感情論で語ります。書いている本人はふわっとした感情で、劇場版を一周しただけで話します。なので、怒らないでください。すいません。先に謝っておきます。

「で、俺達は何を見せられたんだ?」

君たちはどう生きるかを見たことなので、僕は友人を誘って、「Gのレコンギスタ五部作一気見上映会」というのをやることにした。なぜなら、君たちはどう生きるかを見た直後に、寂しくて泣いて、そのついでにキレ散らかしたからだ。キレ散らかして納得していく様は下の記事でまとめて落ち着いたのだけれど、

とりあえず思ったのは「富野監督ってこの映画みたらキレそうだな」っていうことだった。初見の感情としてあったのは、あんなの生前葬だろうが!!という感覚だったので、こういう燃え尽きたものを富野監督がみたらこう、「あんたほどの男が!!なんて情けない」っていうんじゃないかなあと勝手に思いこんだわけだ。なので、決行した。友人を巻き込まないとかつ、一気に見ないと確実に途中で断念すると思ったので、道ずれを用意してことに挑んだのであった。休日、土曜日の昼下がりである。

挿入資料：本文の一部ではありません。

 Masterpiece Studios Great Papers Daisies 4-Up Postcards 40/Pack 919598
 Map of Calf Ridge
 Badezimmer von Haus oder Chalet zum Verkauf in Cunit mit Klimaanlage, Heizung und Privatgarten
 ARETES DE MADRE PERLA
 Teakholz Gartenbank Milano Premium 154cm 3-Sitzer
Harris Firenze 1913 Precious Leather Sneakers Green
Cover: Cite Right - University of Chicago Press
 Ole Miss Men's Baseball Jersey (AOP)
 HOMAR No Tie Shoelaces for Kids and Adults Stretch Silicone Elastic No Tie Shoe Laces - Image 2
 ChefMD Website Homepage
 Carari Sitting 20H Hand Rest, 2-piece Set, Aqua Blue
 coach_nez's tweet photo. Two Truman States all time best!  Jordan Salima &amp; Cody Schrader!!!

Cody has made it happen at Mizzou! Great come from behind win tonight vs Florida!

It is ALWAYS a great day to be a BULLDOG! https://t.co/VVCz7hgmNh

気が付けば夜になっていた。それもそうだ。一時間半を五作もみればそらあもう夜も更ける。そして、しばらく茫然とした後、僕は友人たちに

「で、俺達は何を見せられたんだ」

といった。この部分で、見ていた友人たちとは一致した。本当に、視聴後の感想、第一声はそれだった。最も、終盤とんでもない笑いどころがあったため、情緒がとんでもないことになっており、まともな判断ができなくっていたともいえる(クリムってやっぱり天才だよ)。しかしまあ、一方で何かこう、すがすがしさがあった。とてもふわりとした、明確な終わりではないというのに、なんだか「これでいいんだなぁ」という感覚があった。はっきり言って、話の説明をしろといえば、「行って帰ってきて、なんかいきあたりばったりして、帰ってきた──。」としか説明できない。いや、説明じゃないだろこれ。何もわかってねぇじゃねぇか。というか、今でもほとんどそれしか説明できない。なーんもわからない。ふんわりとはわかるけど、キャラクターとかの深堀はぜーんぜんできないし、特にⅢに至っては状況がぜーんぜんよめなかった。そんな僕なのだけれど、わかったことはあった。

自由過ぎる。

こいつら行き当たりばったりすぎる。個人主義というか、自分の思ったことをガンガン行動するし、各々自由自在に動き回るからその結果交通事故が起こる。マッチポンプも起こる。目的が合えば協力するし、それが終わったら即座に敵対する。何といえばいいか、大義があんまりない。凄い大きな物事にみんなで向かっているわけではなく、各々が自分の考えで行動して、利害が一致すれば協力するみたいな、それが集合したみたいな。そういう感覚。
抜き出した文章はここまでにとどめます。